Wednesday, 27 April 2011

Candidates snub local doctors - do they care?

Public meetings for Assembly election candidates are a great way to find out what's bugging some people. Of course, you can get that on the doorstep but when people come to a public meeting (or husting), they have a right to expect their local candidate to show up.
Tonight all candidates were invited to meet local doctors at a public meeting organised by the British Medical Association. John Marek failed to turn up - can't think why with the Tories privatising health in England. Local GPs were dead against such a move.
Lesley Griffiths also failed to attend, so a bad case of hustingitis from the big parties.
Bill Brereton (Lib Dem) did attend but probably wished he hadn't come either after the hammering he took over his party being part of the Con-Dem coalition introducing the NHS privatisation and tuition fees (which hit doctors particularly hard because they have to do five years' training).
The doctors had some really interesting points to make and it was a sparky evening's debate. There are specific problem in the North that need addressing and we need someone who will listen to specialist concerns to make sure we have the best possible health service locally.

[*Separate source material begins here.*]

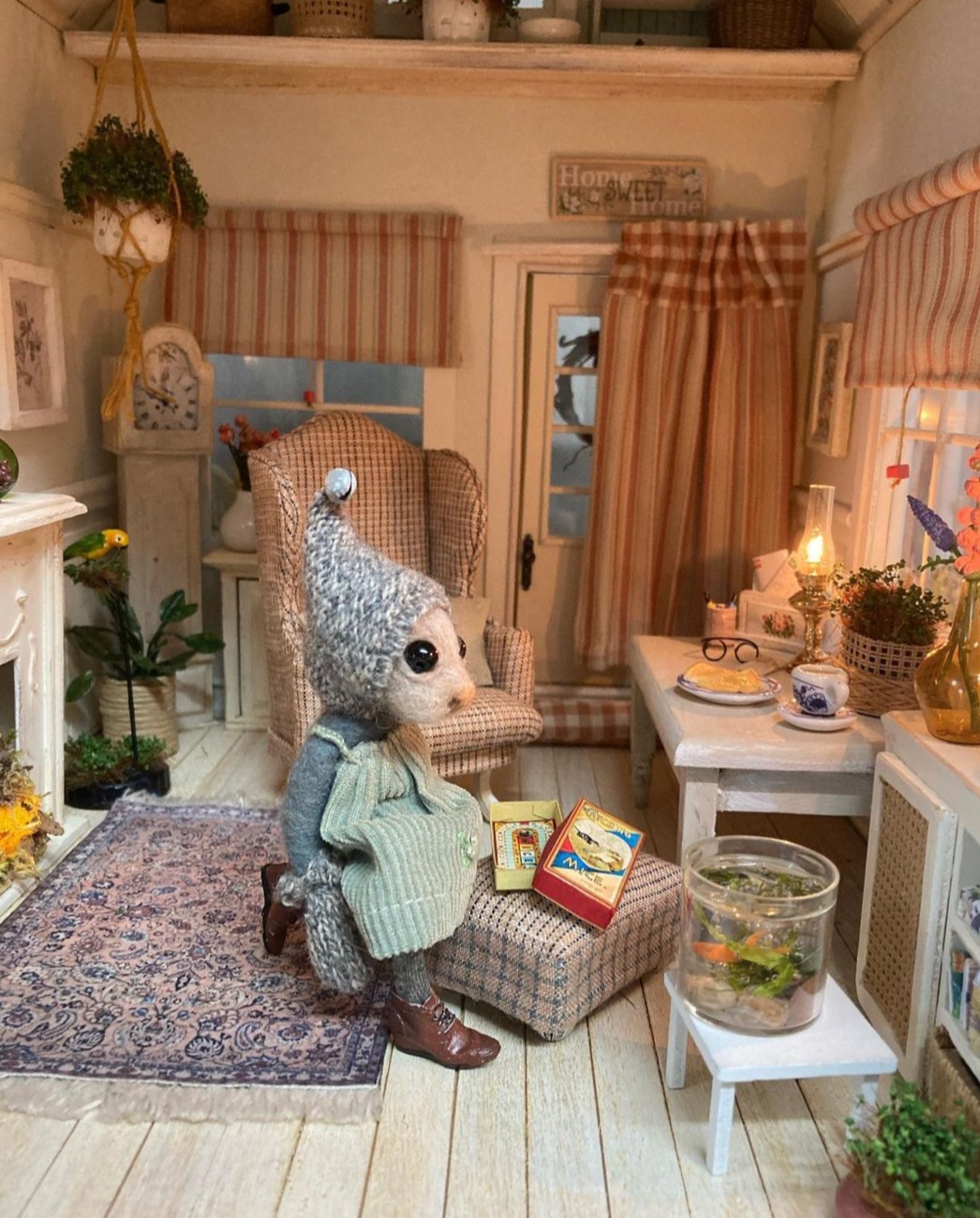 Tales From The Old Thread House, Cute Needle Felted Mice Dolls By Rebecca Wheeler (16)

But what is disturbing is that some candidates obviously don't feel they need to attend local public meetings to explain themselves. Labour's regional list candidate David Phillips has now attended meetings with the PCS civil service union and the doctors - both times having to dash off because he has to catch a train to his home in Holyhead the poor lad. If they can't be bothered to turn up, do we assume that the absentee candidates don't care about explaining their views to the voting public?